Microcontroller Circuitry (SP-II): Control functions in the StationPro II are implemented by U201 a Basic Stamp BS2IC microcontroller, whose source code can be viewed HERE.  The source code, which is uploaded to the Basic Stamp' internal interpreter during assembly, is extensively annotated and the logic flow can be understood easily by builders familiar with the Stamp’s P-BASIC programming language.

When the StationPro II is powered up, the nine momentary-action front panel switches S303-S311 are scanned by U201, which then executes the requested action when a depressed switch is discovered. When a transceiver or amplifier is selected, U201 places a LOW (nominally 0V) on the appropriate inputs of the 2-to-4 line decoders U202a and U202b. The output of the decoders are inverted by U203 and buffered by darlington power driver U204, whose outputs ground the coils of the selected relays.
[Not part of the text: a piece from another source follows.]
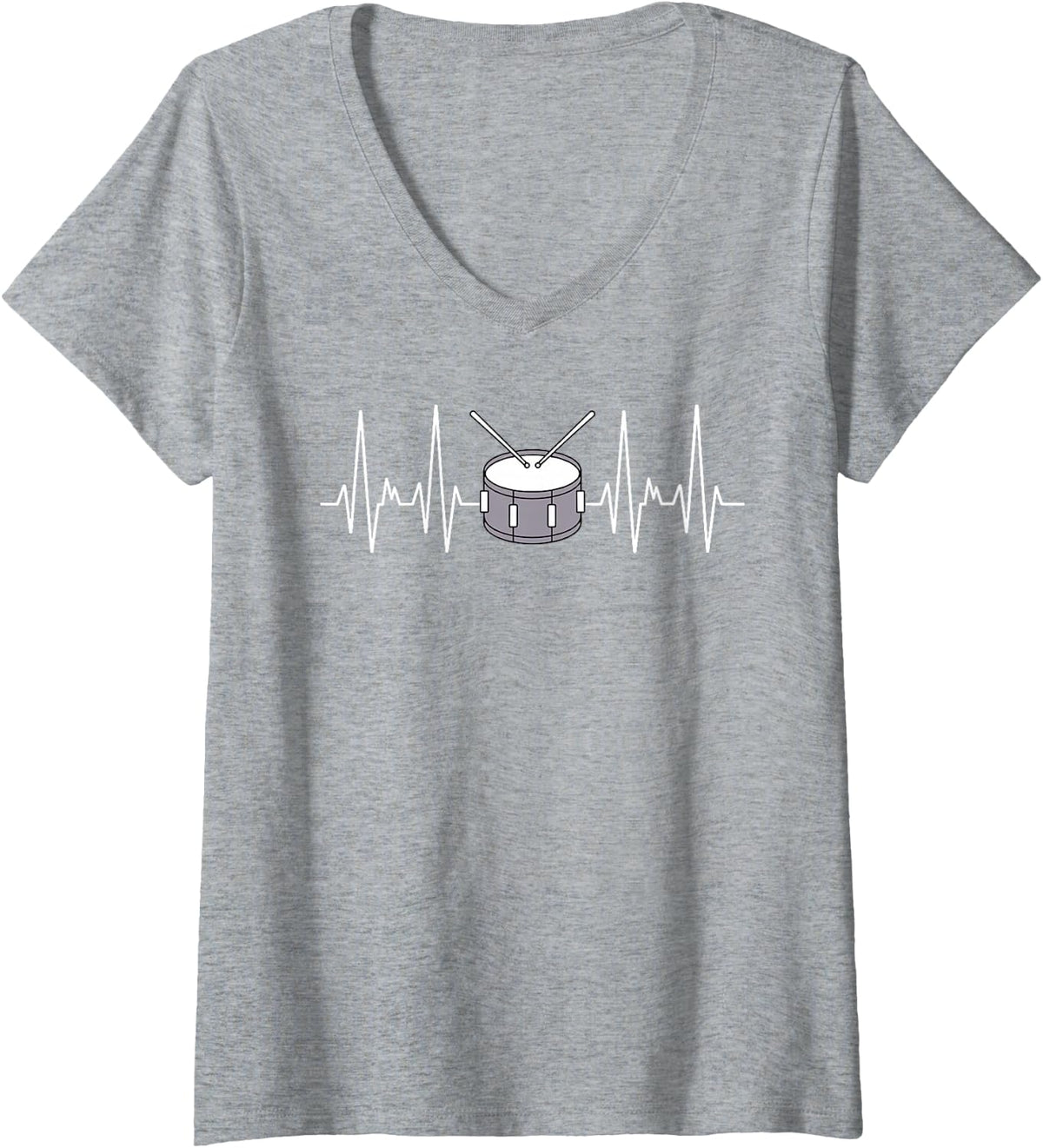 Women's Snare Drum Design for Men Women Kids Drumming Snare Drum V-Neck T-Shirt - Heather Grey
The StationPro uses a simple protocol to communicate among networked SP-IIs (up to three can be networked).  There are two ports on the Basic Stamp BS-2IC microcontroller in each SP-II, labeled REMOUT (port P10) and REMSNSE (port P9).  REMSNSE is normally an input port which monitors the state of pin 2 of the “Rem In” and “Rem Out” RJ-25 jacks on each SP-II’s rear panel. The state of the REMSNSE line is normally high (+5V).  However, when a transceiver or amplifier switch on any SP-II front panel is depressed, that SP-II puts a 100 msec low pulse (0V) on the REMSNSE line. This pulse is detected by the other SP-IIs, and commands them to go off-line. Thus, the SP-II most recently operated is always on-line, and the others are always off-line. The on-line SP-II then commands its own REMOUT port to go low, which activates the appropriate relay in the remote RF relay unit. U201 also can generate a pulsed audio tone (alternately, a two-tone audio tone) which is routed through a level adjust trimpot R204 to the StationPro II’s microphone audio line. This tone is used to facilitate amplifier tuning.